Professor Evelyn Tribble, University of Ontago

Call for Papers
Education is a ‘drawing out’ – of knowledge, experience, of the learner and of the teacher. Situations, narratives and interrogations of teaching and learning occur frequently in Shakespeare’s plays and many other texts of the period. The problems of teaching 400-year-old texts, under different societal, technological, cultural, and even geographical constraints, remain challenging today.

The conference will have a dual focus, covering Shakespearean pedagogy in its widest sense, then and now. Papers might consider ways of engaging students with Shakespearean and other Early Modern drama, the educational uses of reconstructions such as the London Globe, the effects and effectiveness of Shakespeare on film, the uses of ‘Shakespeare’ in other modes of teaching and learning, in the past as well as the present. Equally, they might explore the many ideas about learning and teaching in the Early Modern period, scenes and narratives of pedagogy in Shakespearean and other theatres – including the writer ‘instructing’ his actors via the processes of rehearsal and enskillment. Theoretical issues, for example those arising from gender, class and ideas of childhood, invite development in these contexts. 

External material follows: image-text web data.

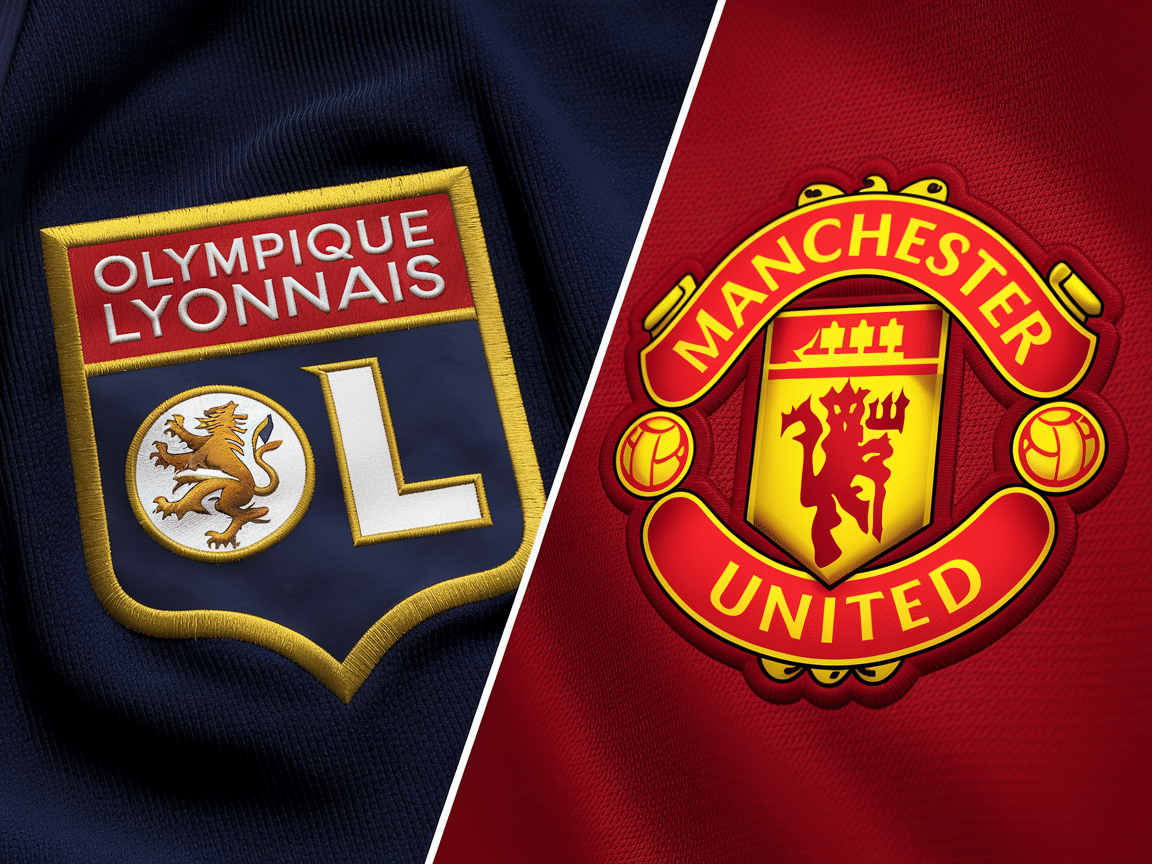Manchester United Vs Lyon: Drama di Detik Akhir Bikin Skor Seri 11 Logo MU vs Lyon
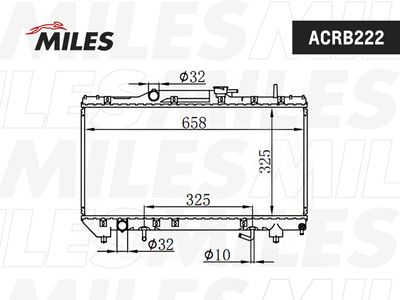 Радиатор, охлаждение двигателя MILES ACRB222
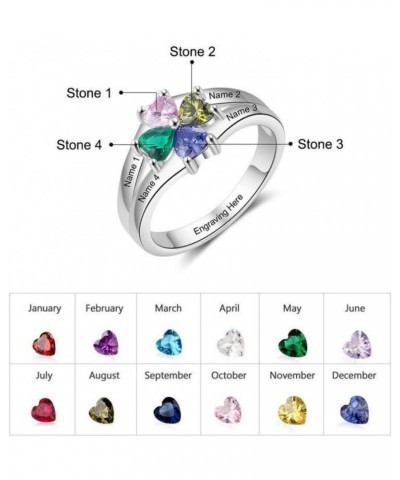 Personalized 4 Birthstones Ring for Women, 10k 14k 18k Real Gold Rings with Engraved Name, Creative Customized Anniversary Bi...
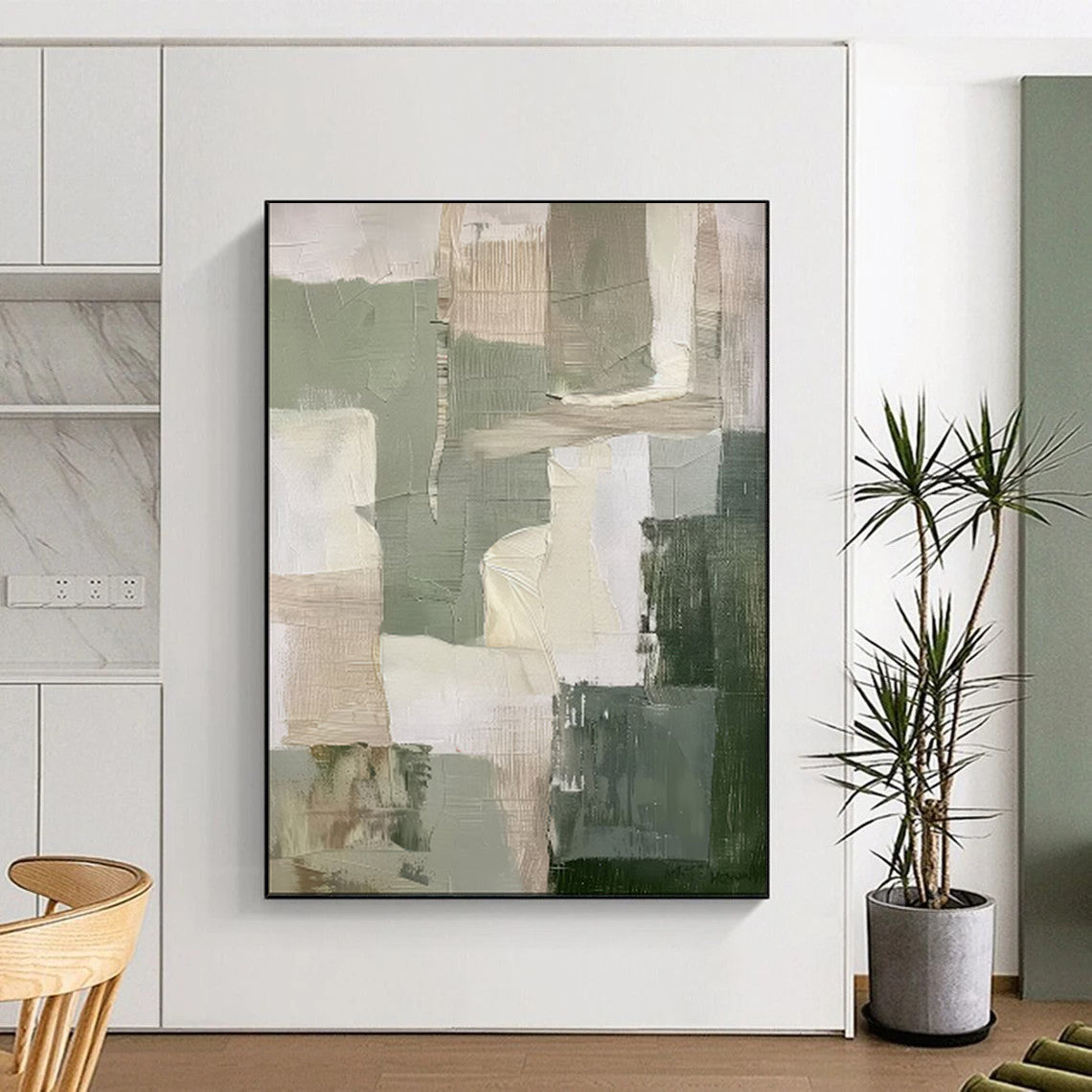 “Earthy Tones Patchwork” – Abstract Geometric Oil Painting with Green and Beige Blocks CT2053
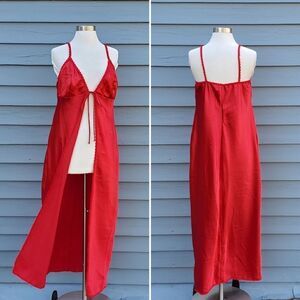 Vintage 90s y2k Red Sexy Satin Polyester Lingerie Boudoir Robe Cover Nightgown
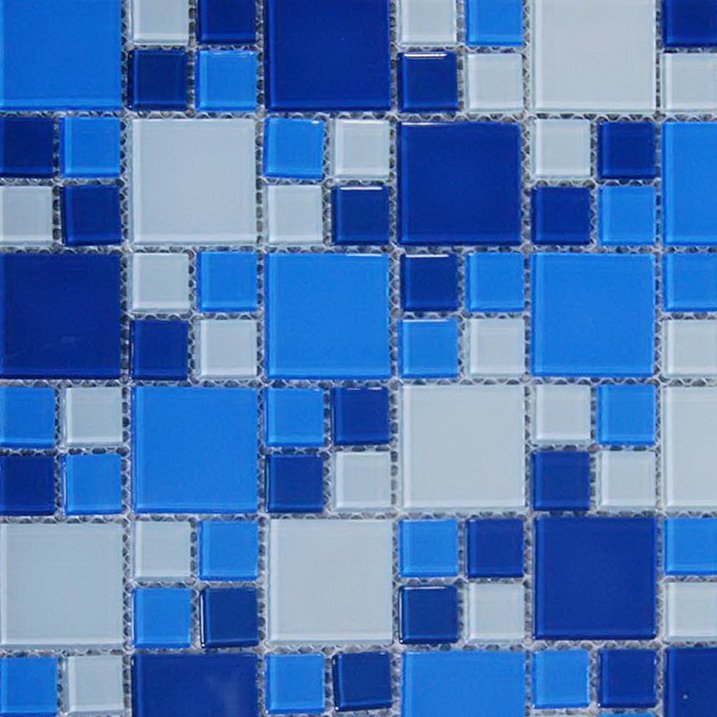 Мозаика NS Mosaic S-460, цвет синий, поверхность глянцевая, квадрат, 300x300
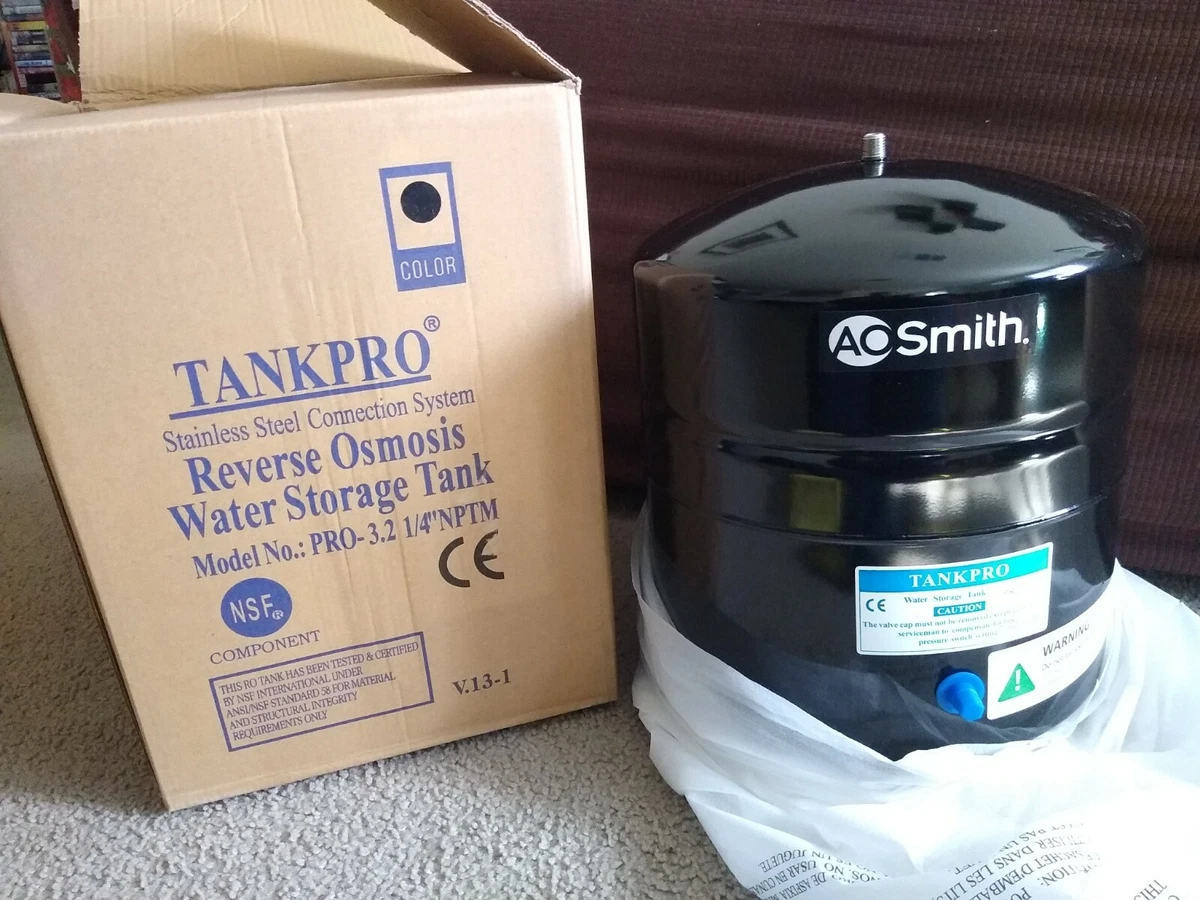 AO Smith reverse osmosis water storage tank pro-3.2 1/4u0026#034; NPTM and accs  black NEW | eBay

Proposals for theme-based panels and workshops focusing on ways of exploring Shakespeare are welcome, as well as individual short papers. Papers on the teaching and learning of Shakespeare in schools are especially welcome. Proposals for 20-minute papers should be submitted for consideration by the programme panel by 24 March 2010.

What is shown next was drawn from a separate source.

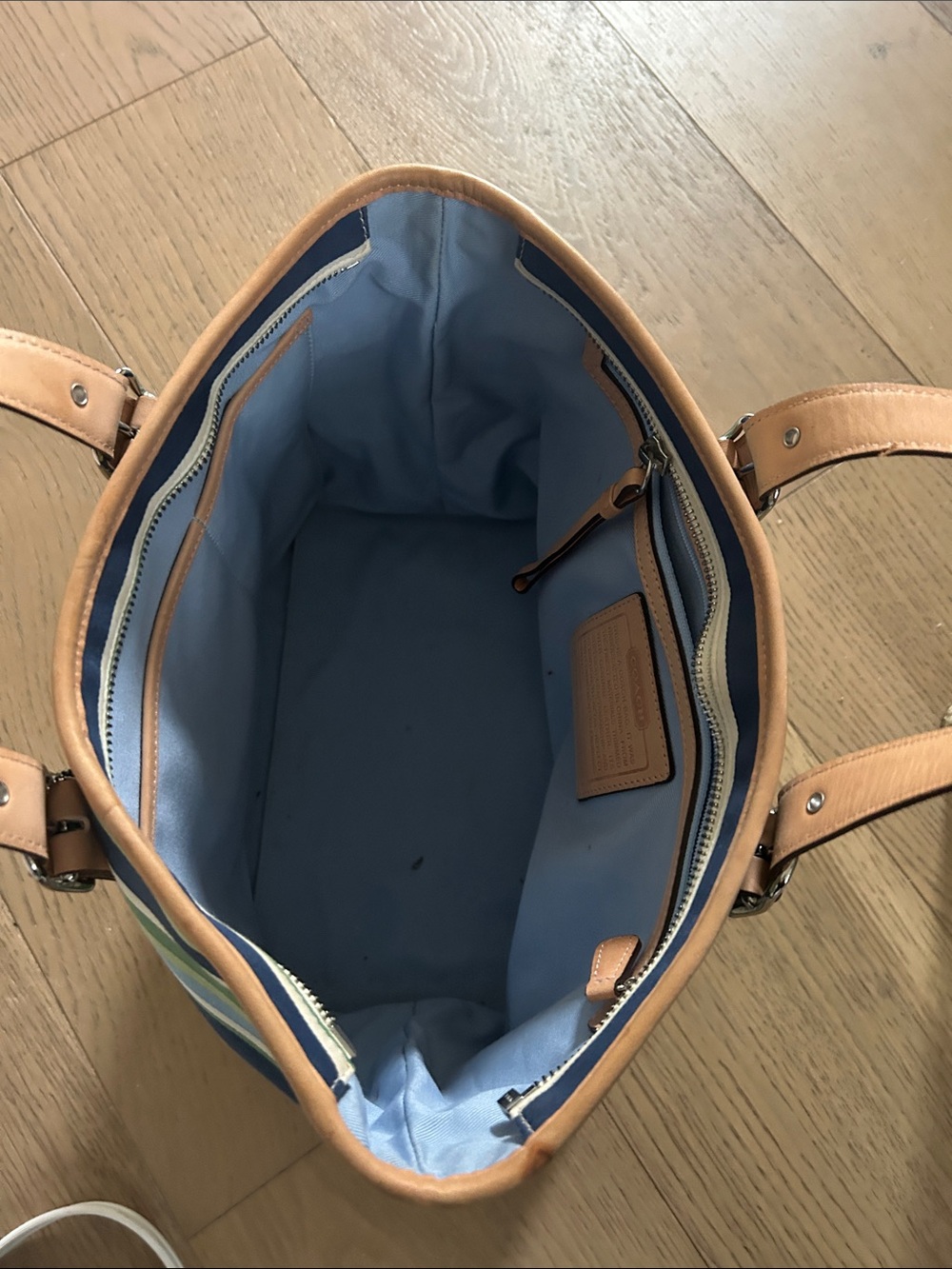 Coach Light Blue and Tan Handbag Interior View - Picture 5 of 5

Registration is via the ANZSA website, and is now open. Early registration fees (including postgraduate student concessions) are payable until 31 March 2010.

Plenaries
Lynn Enterline, Professor of English, Vanderbilt University, will speak on ‘Rhetoric, Violence, and Emotion in Shakespeare's Schoolroom’, from her forthcoming book, Shakespeare’s Schoolroom: Rhetoric, Discipline, and Emotion. Prof. Enterline’s publications include The Tears of Narcissus: Melancholia and Masculinity in Early Modern Writing and The Rhetoric of the Body from Ovid to Shakespeare.

Gordon McMullan, Professor of English, King’s College London, will speak on ten years of the MA in Shakespeare Studies, a unique collaboration with London’s Shakespeare’s Globe theatre. Prof. McMullan’s recent books include Shakespeare and the Idea of Late Writing: Authorship in the Proximity of Death, and Reading the Medieval in Early Modern England (co-edited with David Matthews).

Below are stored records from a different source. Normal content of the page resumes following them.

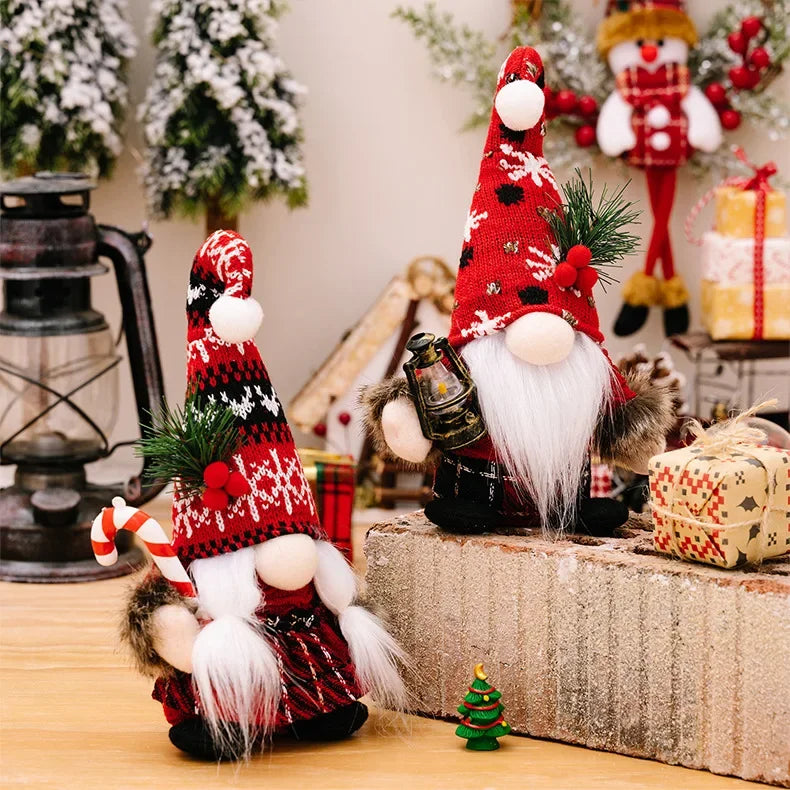 2pcs Santa Claus & Gnome Ornaments – Christmas Couple Doll Decorations for Home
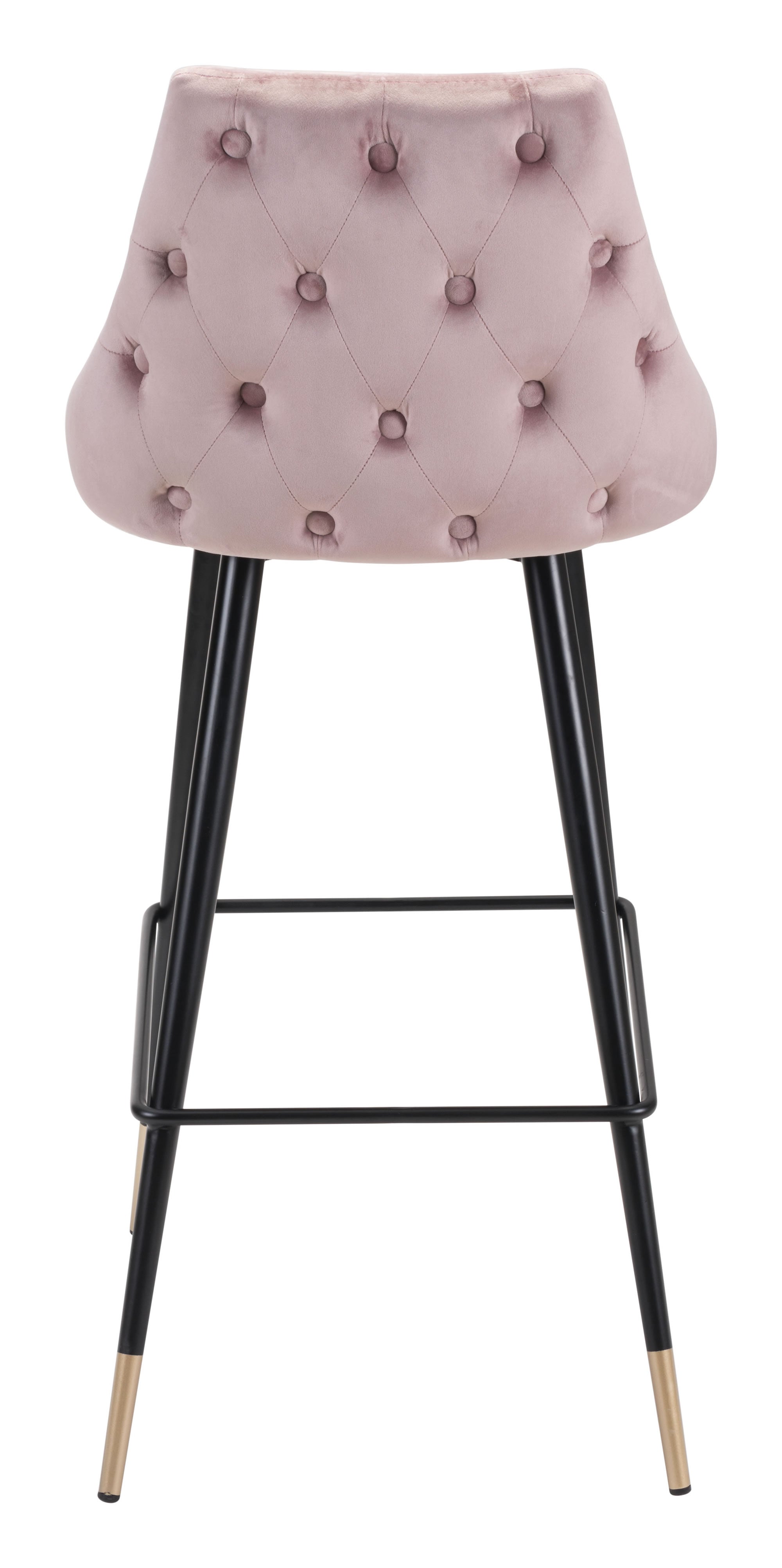 18.5" x 20.9" x 40.6" Pink, Velvet, Stainless Steel, Bar Chair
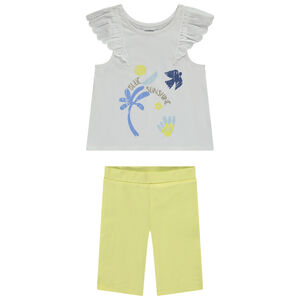 Tweedelige set met fantasie tanktop met Engels borduursel voor meisjes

Evelyn Tribble, Professor of English, University of Otago, will speak on her current research on the distributed cognitive properties of workplace settings in the Early Modern theatre; her talk examines the variety of strategies used within the plays for employing and enskilling boys. Prof. Tribble’s publications include Margins and Marginality: The Printed Page in Early Modern England, and Writing Material: Readings from Plato to the Digital Age (with Anne Trubek).

Venue
The conference will take place on the main campus of the University of Sydney, with a proposed half-day at Barker College focusing on Shakespeare in schools. Accommodation options will be listed on the website when registration opens.

Sponsors
The School of Letters, Art and Media, Faculty of Arts, University of Sydney.
The Australian Research Council and Barker College.
The conference is an outcome of funded project ‘Shakespeare Reloaded’, a Linkage Grant between the University of Sydney and Barker College, Hornsby, Sydney.